When Kayla Tresser and Taylor Enders neared the end of their final spring quarter at Cal Poly, Tresser proposed a plan that would take them on a wild ride across the nation — more specifically, a transnational bike ride.
“My roommate and I both had no job and no plan,” Tresser said. “I said it jokingly – oh, let’s bike across the U.S. Then we both looked at each other and started to research it. It was one of those ideas I threw out into the air, and it stuck.”
A few months prior, Tresser was nearing completion of her last year at Cal Poly with her post-grad plans to work at the 2020 Tokyo Olympics, the first step in what she hoped to be a career in professional sports.
When the pandemic proved to be a global threat, the Tokyo Olympics became one of the many events canceled amid the rapid spread of the virus. Tresser found herself facing the predicament shared by many who have graduated this past year: entering an unstable job market attempting to adapt to the limitations of an unprecedented global pandemic.
Tresser said she had always been an athlete, and so she eagerly joined the triathlon team when she started attending Cal Poly. Though she was quite familiar with competitive biking of triathlon races, she was not familiar with the concept of bikepacking previous to her 82-day trek across the country, with all her belongings for the journey strategically packed on her back.
“It was a kind of a, ‘Well, what do we do now?’ plan,” Tresser said. “I was bummed for a while, because [the 2020 Olympics] was a once in a lifetime opportunity. But I’m the kind of person that will take situations like that and turn them around. … The chance to ride across the U.S. just came out of that.”
The over 4,000-mile-long track, dubbed the TransAmerica Trail, runs from Oregon to Virginia. It crosses ten states, all roughly aligned in the same latitudinal range as Virginia, with the exception of the beginning of the trail, which at its northernmost point runs through Missoula, Idaho, before meandering down through Yellowstone National Park to Pueblo, Colorado. The trail runs mostly through rural parts of the country, with the biggest city along the path being Eugene, Oregon.
Tresser and Enders started in early August and finished in November, documenting the ride using the Instagram account @continentalcrank.
Before they departed for their trip, Tresser said many people cautioned her and Enders against traveling alone as women, fearing they might face dangers or harassment along the way. However, there was only one instance when she recalled feeling truly unsafe –while trekking through some part of Oregon, two men were following and taunting the two, to the point where the bikers called the police.
Immediately following the phone call to the local police, a couple RV camping nearby spotted the two, slightly frazzled at the time. Handing them margaritas, the couple offered Tresser and Enders a safe spot to set up their tent next to their RV. Instances where the two felt unsafe, she noted, were thankfully quite scarce.
“People went out of their way to make us feel safe,” Tresser said. “I think you hear a lot about the negative things going on … but there’s a lot more kindness in the world than there is bad. People are a lot nicer than you hear [about].”
Even with the abundance of precautionary measures many are taking with concerns over COVID-19, the outdoor nature of their venture limited close contact with others and still allowed for safe interactions, Tresser said. Besides campsites being awfully full as people flocked to the outdoors with indoor activities closing, navigating the social changes brought on by COVID-19 never really became an issue.
Post COVID-19, though, Tresser said she’s set her sights on another bikepacking adventure: a trip across Europe. That, and job hunting in the meantime, of course.
“My life was always super structured. When my plans were derailed, there was a positive – and I found that,” Tresser said. “Perspective is everything. Taking the situation I was given … and turning it into that ride changed my perspective on the structure of life.
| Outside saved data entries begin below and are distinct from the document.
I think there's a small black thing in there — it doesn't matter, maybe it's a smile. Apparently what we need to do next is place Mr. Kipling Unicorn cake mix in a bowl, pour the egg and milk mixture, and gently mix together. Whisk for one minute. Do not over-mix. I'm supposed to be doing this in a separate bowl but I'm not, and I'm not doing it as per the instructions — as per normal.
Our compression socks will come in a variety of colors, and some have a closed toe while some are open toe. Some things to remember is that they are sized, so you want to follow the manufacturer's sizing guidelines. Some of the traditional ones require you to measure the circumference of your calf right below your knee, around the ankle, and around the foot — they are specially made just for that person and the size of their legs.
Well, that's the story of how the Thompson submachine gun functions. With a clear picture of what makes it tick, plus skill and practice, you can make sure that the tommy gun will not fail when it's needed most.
It doesn’t need to be so linear.”
Wherever her non-linear path is sure to lead, bikepacking certainly will have a role to play.
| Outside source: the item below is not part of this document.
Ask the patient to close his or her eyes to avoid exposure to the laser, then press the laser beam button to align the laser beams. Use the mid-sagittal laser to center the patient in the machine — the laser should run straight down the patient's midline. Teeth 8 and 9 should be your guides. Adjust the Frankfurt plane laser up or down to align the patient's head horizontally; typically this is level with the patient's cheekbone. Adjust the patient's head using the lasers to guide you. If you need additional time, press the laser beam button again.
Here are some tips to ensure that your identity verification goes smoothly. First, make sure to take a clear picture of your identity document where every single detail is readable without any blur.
“The trip showed me parts of the United States that I would never have seen otherwise,” Tresser said.
The vast expanse of terrain the path covers varies from mountainous parts of Wyoming and Colorado to the Great Plains, back to the Appalachian Mountain Range. Tresser and Enders spent most of their time camping at certain sites along the trail and restocking their food at grocery stores littered along the way.
Many of these campsites had areas designated specifically for those bikepacking either the entirety or portions of the TransAmerica Trail. While the trail offered campsites with dazzling views of Grand Teton National Park and the Continental Divide in Colorado, there were less spectacular places they were forced to reside after a long day’s ride.
One of these camping spots, Tresser said, turned out to be a grass field adjacent to a Walmart parking lot in the middle of Wyoming.
“It was probably one of the worst nights of sleep, with all the semi-trucks loading and unloading all night,” Tresser recalled. “But we were so tired it mostly didn’t matter where we slept.”